= Robert Joseph Haddon =

Robert Joseph Haddon (1866–1929) was an England-born architect who practised in Victoria in the 1900s-1910s. He was a major figure in the profession in Victoria, championing the Arts and Crafts in his writing and teaching. He designed some of the most original buildings of the period, featuring restraint, balanced asymmetry and Art Nouveau details.

== Biography ==
Haddon was born in London, and training there in the early 1880s, before emigrating to Australia in 1889 when he was 25. After a few years in Melbourne, faced with the crash of the 1890s, he relocated a number of times around southern Australia, including Perth for a while as the Assistant Architect at the Department of Public Works, He finally settled back in Melbourne in 1899, setting up his own practice in 1902.

Haddon worked extensively on councils, examining boards and committees, while writing a number of articles in technical magazines, as well as a book (Australian Domestic Architecture) in 1908. As the head of the architecture school, the Melbourne Technical College from 1902, he taught several generations of students. He opened a practice as an architectural consultant, taking on Percy Oakley as his first assistant, and William Alexander in 1903, who was made a full partner seven years later. On his deathbed, he made provision for the richest traveling scholarship in the Empire at the time.

== Architectural work ==
Many buildings are supposedly attributed to Robert Joseph Haddon without actually bearing his name. When Haddon practiced in Melbourne, much of his work was acting as a consultant to other firms, notably the practice Sydney Smith & Ogg. He also consulted with regional practices including Camperdown (Victoria) based firms Tombs & Durran and Michael McCabe & Perry Knights, as well as Geelong architects Buchan & Laird.

Milton House in Flinders Lane (1901) and Eastbourne House in Wellington Parade, East Melbourne (1901), are both private hospitals designed by Sydney Smith & Ogg, but are unlike most of their work, and contain features which suggest that Haddon was largely responsible. They are both composed of carefully placed elements and ornament on plain surfaces, with distinctive Art Nouveau details in wrought iron and terra cotta.

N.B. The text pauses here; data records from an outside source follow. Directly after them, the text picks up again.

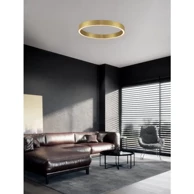 NOVA LUCE Plafonska  svjetiljka Sting NL9558650, LED 50 W, 3000 K, 2968 lm, dimm, IP20, bronca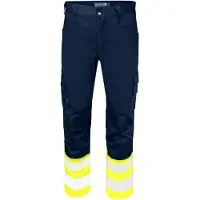 Projob 6537 Stretchhousut En Iso 20471 Luokka 1 - Navy blue/yellow - C42/142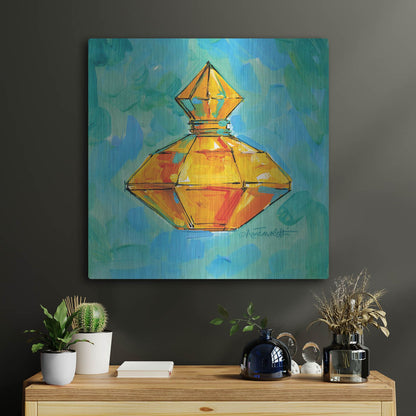 Luxe Metal Art 'Perfume VI' by Anne Tavoletti, Metal Wall Art,24x24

Buildings they may hint at his hand include elevations composed with balanced asymmetry, windows of varied shapes and sizes, but set simply without architraves in plain wall surfaces, with an area or feature with a burst of extravagance.

== Publications ==
Australian Architecture, 1908. This has been described by writer Nick Bryant, in the Global Mail as "THE EMERGENCE of a style of architecture immediately recognisable as Australian had been taken as a given when in 1908 Robert Haddon became the first local architect to write a book, Australian Architecture, solely devoted to local buildings. Naturally it would come, predicted Haddon, from the "points of peculiar difference that will always separate our Australian requirements and practice from that of the old world""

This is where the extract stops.